Jury pocketed his notebook, rose, thanked Martin Smart, and said, "Nothing in particular."
"You really should work here."
Jury turned to go, turned back. "Would you mind if my sergeant came round in a day or two to talk to some of your staff?"
Smart gazed again at the ceiling. "Hell, no. Send the Dirty Squad for all I care. Liven the place up." He screwed up his face. "Why the hell would she kill him?" He looked at Jury. "Maybe they were having a bit of trouble?" His expression was perfectly serious.
"I expect you could say that." Jury said good-bye.
***
Jury could not quite believe the interior of this house off Kensington Gardens, near Rotten Row. From the outside, it was just another narrow, Georgian building, with its yellow door and dolphin-shaped brass knocker.
But the inside seemed to stretch endlessly and cavernously to this room in which he now sat with Mavis Crewes, a room that seemed part solarium, part enormous floor-to-ceiling aviary full of bird plumage, bird twitter, bird greenery.

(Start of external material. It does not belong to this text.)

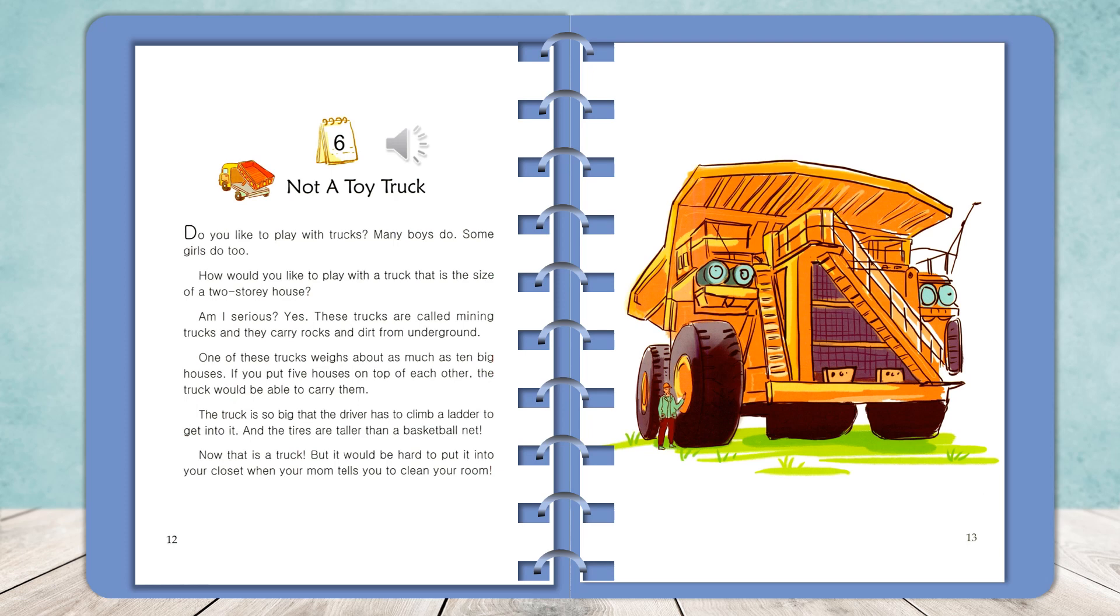One of these trucks weighs about as much as ten big houses. If you put five houses on top of each other, the truck would be able to carry them.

A tiny, bright eye, opening and closing like a pod, regarded him through the fronds of several palmettos.
Nor was it the only greenery, for round about the room were set tubs of plants, some treelike and overhanging; some tough and flat-leaved; some feathery and ferny; but all suggesting jungle heat and dust. This was further enhanced by the near-life-sized ceramic leopard looking slant-eyed out of the rubber plants, and by the boar's head, open-mouthed and glaring glassily from the wall to Jury's right. Behind him sat a gun case; his feet were trying to miss contact with the zebra rug beneath the table carved from a tree her last husband had carted back from Nosy-Be. A tree (Mavis Crewes had told him) that wasfady-taboo. Her husband wasn't superstitious.
He was also dead. Jury wondered from what.
Jury and Mavis Crewes sat in this solarium, surrounded by strange exotic plants, grass shields, spears, and Ibo masks, drinking coffee and Evian water with a cut-glass carafe of whiskey standing by as a fortifier.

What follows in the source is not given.